Openning a soft call at the IBM support center leads to patch the system with the APAR IY66747 (memory fault in chpass_netgroup). The fix package contains 19 filesets for a total package size of 54,464,512 bytes. After downloading it from IBM Fix Central (which can be found at http://www-912.ibm.com/eserver/support/fixes/), all the .bff were stored in a temporary location /files/tmpcdinst/IY66747 which was NFS mounted in order to reduce needed space on each concerned host.
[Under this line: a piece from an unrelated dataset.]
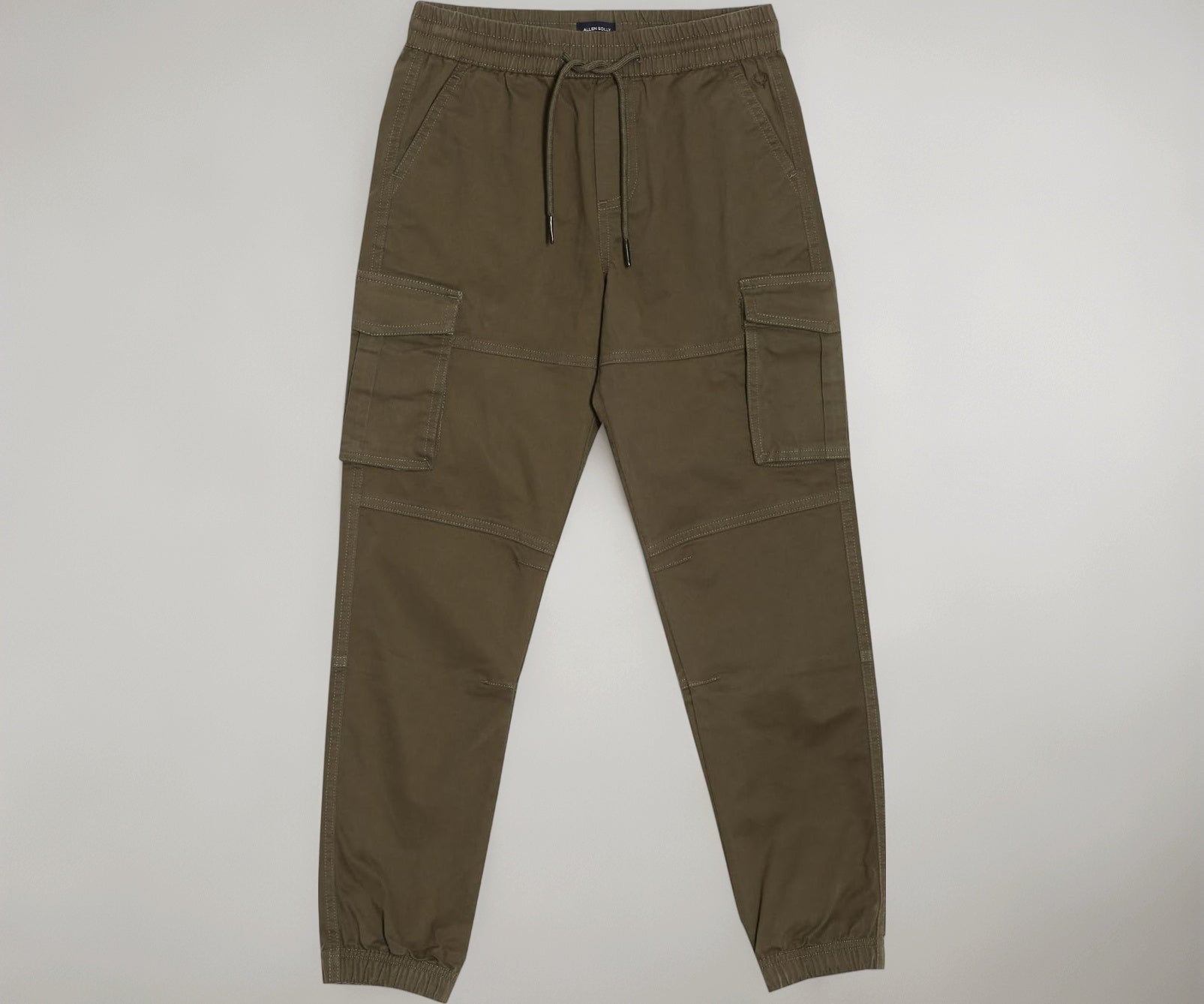 Allen Solly Boys Olive Regular Fit Solid Jogger Pants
The System Management Interface Tool (SMIT) recognizes /usr/sys/inst.images as the default directory for fixes downloaded onto hard disk. This was not the case here!

Here are the steps to install the fix package:

# cd /files/tmpcdinst/IY66747
# inutoc
# TERM=vt220 smitty update_all
/*
 * INPUT device / directory for software               [.]
 *  SOFTWARE to update                                  _update_all
 *  PREVIEW only? (update operation will NOT occur)     no
 *  COMMIT software updates?                            no
 *  SAVE replaced files?                                yes
 *  AUTOMATICALLY install requisite software?           yes
 *  EXTEND file systems if space needed?                yes
 *  VERIFY install and check file sizes?                no
 *  DETAILED output?                                    no
 *  Process multiple volumes?                           yes
 *  ACCEPT new license agreements?                      yes
 *  PREVIEW new LICENSE agreements?                     no
 */

Verify that the fix package applied correctly:

# instfix -ik IY66747
    All filesets for IY66747 were found.

Then, here is the correct behavior of the freshly patched system:

# yppasswd jpeg
Old NIS password:
jpeg's New password:
Re-enter jpeg's new password:
NIS passwd changed on neptune

All seems ok!

Side note: Since smitty update_all need to issue the bosboot command at the end of the update, a reboot is mostly recommended!